Dans le principe les ouvrages dramatiques ne se composaient que de chœurs. Bientôt on y ajouta un certain nombre de personnages. Mais Ménandre, suivi en cela par Térence, rejeta les chœurs comme ennuyeux. Ce dernier fut le plus scrupuleux observateur des préceptes ; jamais il n’éleva le style de la comédie à la hauteur tragique ; plus sage en cela que Plaute, à qui l’on a tant reproché ce défaut[1].

La tragédie est fondée sur l’histoire, la comédie sur des fictions ; et celle-ci fut appelée de plain-pied, parce qu’on la jouait sans cothurne ni décorations, et qu’elle prenait ses arguments dans les classes les plus humbles. Cependant, alors comme à présent, il y avait plusieurs sortes de comédies ; il y avait des comédies à pallium, à toge, des mimes, des atellanes, des tabernaires.

Les Athéniens, qui donnaient des prix à leurs poëtes dramatiques et à leurs acteurs, réprimandaient dans leurs comédies, avec une élégance attique, les vices et les mauvaises mœurs. Voilà pourquoi Cicéron appelait la comédie le miroir des mœurs, l’image de la vérité : sublime attribut qui élève Thalie au rang de l’histoire, et qui nous montre combien elle mérite d’estime et d’honneur.

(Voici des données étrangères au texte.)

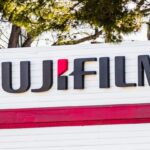 FUJIFILM Biotechnologies and argenx expand global partnership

Mais déjà vous vous récriez, ce me semble, en disant : « À quoi bon traduire des livres et nous fatiguer de cet étalage d’érudition ? » Croyez-le, ce n’a pas été sans motif que j’ai rappelé toutes ces choses à votre mémoire : je voulais vous faire voir que vous m’avez demandé un art dramatique en Espagne, où tous les ouvrages dramatiques s’écrivent contre l’art, et je devais déclarer que nos pièces sont contraires à l’usage antique et à la raison. Mais laissons cela : c’est à mon expérience que vous vous adressez, et non à ce que j’ai pu apprendre des principes d’un art qui nous dit la vérité, mais auquel le vulgaire préfère l’erreur.

  1. C’est tout le contraire ; ce n’est pas Térence, c’est Plaute qui n’éleva jamais le style de la comédie à la hauteur tragique. Comme Lope connaissait parfaitement l’un et l’autre poëte, on ne peut attribuer cette erreur qu’à une distraction, et à la rapidité avec laquelle il composa son Nouvel art dramatique.